*TASK DETAILS*: Return the material below exactly, but only from the line with "QR code for 7VIW201" through the line with "Ткань Status 08 Frost на отрез", and without its pictures.

*DATASET ENTRIES*:

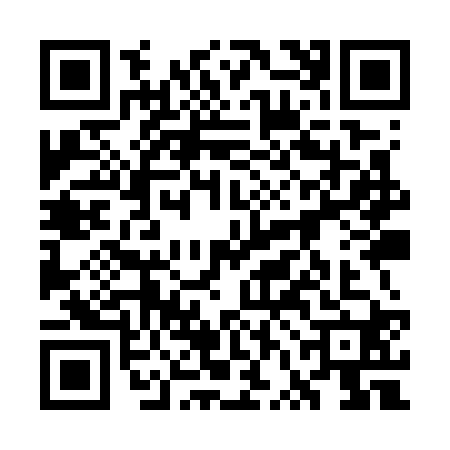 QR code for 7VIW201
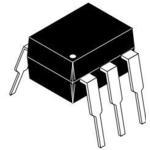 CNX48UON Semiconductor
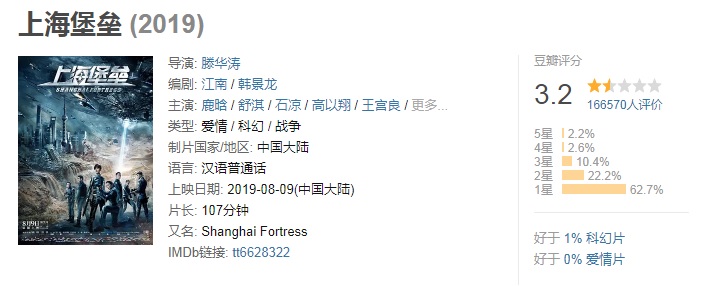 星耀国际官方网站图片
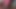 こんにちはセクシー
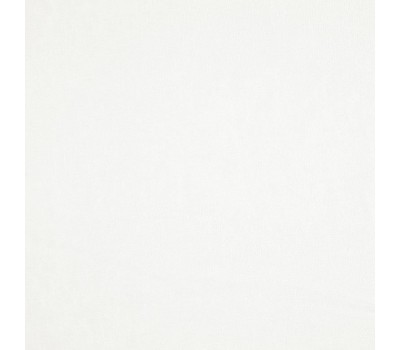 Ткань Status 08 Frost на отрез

* * *

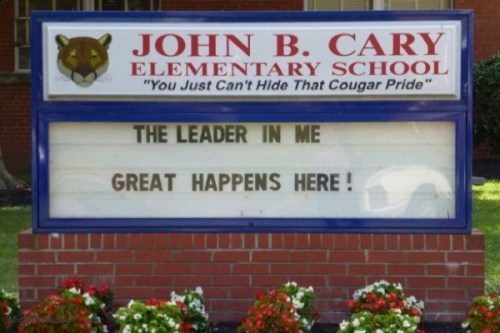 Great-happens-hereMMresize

*ANSWER AREA*:
 QR code for 7VIW201
 CNX48UON Semiconductor
 星耀国际官方网站图片
 こんにちはセクシー
 Ткань Status 08 Frost на отрез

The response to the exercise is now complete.